`ipex.optimize` Frontend API
======================================

The `ipex.optimize` API is designed to optimize PyTorch\* modules (`nn.modules`) and specific optimizers within Python modules. Its optimization options for Intel® GPU device include:

- Automatic Channels Last
- Fusing Convolutional Layers with Batch Normalization
- Fusing Linear Layers with Batch Normalization
- Replacing Dropout with Identity
- Splitting Master Weights
- Fusing Optimizer Update Step

The original python modules will be replaced to optimized versions automatically during model execution, if `ipex.optimize` is called in the model running script.

The following sections provide detailed descriptions for each optimization flag supported by **XPU** models on Intel® GPU. For CPU-specific flags, please refer to the [API Docs page](../api_doc.html#ipex.optimize).

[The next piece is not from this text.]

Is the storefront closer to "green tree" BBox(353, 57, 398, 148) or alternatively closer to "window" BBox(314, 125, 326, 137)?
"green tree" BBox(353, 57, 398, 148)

### Automatic Channels Last

By default, `ipex.optimize` checks if current running GPU platform supports 2D Block Array Load or not. If it does, the `Conv*d` and `ConvTranspose*d` modules inside the model will be optimized for using channels last memory format. Use `ipex.enable_auto_channels_last` or `ipex.disable_auto_channels_last` before calling `ipex.optimize` to enable or disable this feature manually.

### `conv_bn_folding`

This flag is applicable for model inference. Intel® Extension for PyTorch\* tries to match all connected `nn.Conv(1/2/3)d` and `nn.BatchNorm(1/2/3)d` layers with matching dimensions in the model and fuses them to improve performance. If the fusion fails, the optimization process will be ended and the model will be executed automatically in normal path.

### `linear_bn_folding`

This flag is applicable for model inference. Intel® Extension for PyTorch\* tries to match all connected `nn.Linear` and `nn.BatchNorm(1/2/3)d` layers in the model and fuse them to improve performance. If the fusion fails, the optimization process will be ended and the model will be executed automatically in normal path.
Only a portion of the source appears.